C.A. Vaidialingam, J.
1. This is an appeal, by special leave, in which the appellants challenge the propriety and correctness, of the order of the Madhya Pradesh High Court, confirming their conviction, under Section 120B, I. P. C, and Section 9(a), of the Opium Act, 1878 (Act 1 of 1878), (hereinafter called the Act). Appellants 2 and 3 are the sons of the first appellant, and the 4th appellant since deceased, was his nephew.

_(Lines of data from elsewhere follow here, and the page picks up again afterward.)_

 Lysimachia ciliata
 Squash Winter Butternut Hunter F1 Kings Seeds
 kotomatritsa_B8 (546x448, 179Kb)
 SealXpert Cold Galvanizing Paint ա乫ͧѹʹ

2. On receiving information, that opium was being smuggled and secretly kept, in the house of the appellants, the Sub Inspector of Police, Station Malharganj, Indore with a police party, raided their house, on September 19, 1960, and recovered a fairly large quantity of opium of about 2 maunds, 14 seers and 14 chhatacks. The appellants were arrested and charge-sheeted, for having committed offences, under Section 120B, I. P. C. and Section 9 (a) of the Act. They pleaded not guilty. Their defence was that each of them was living separately, and they were not also in the house, when the opium was stated to have been recovered. The deceased, 4th appellant, raised a plea that one Altaf had come, in the morning of September 19, 1960, at about 9 A. M., and told him that the police were after him, and that he want- ed to throw a bundle, which was, in his possession, in the house of the appellants. Accordingly, Altaf threw a bun- dle, in the court-yard of the house of the appellants.
3. The Additional City Magistrate, Indore, accepted the case of the prosecution and rejected the plea of the appellants. The trial Magistrate found that the opium was recovered from the possession of the appellants, who had no permit or licence, for its possession or transportation, and he also found that the appellants, along with others had conspired to possess the said opium. On these findings, each of the appellants, was convicted, under Section 120B, I. P. C, and Section 9 (a) of the Act, and sentenced to undergo two years' rigorous imprisonment, in respect of each of the offences, the sentences to run concurrently.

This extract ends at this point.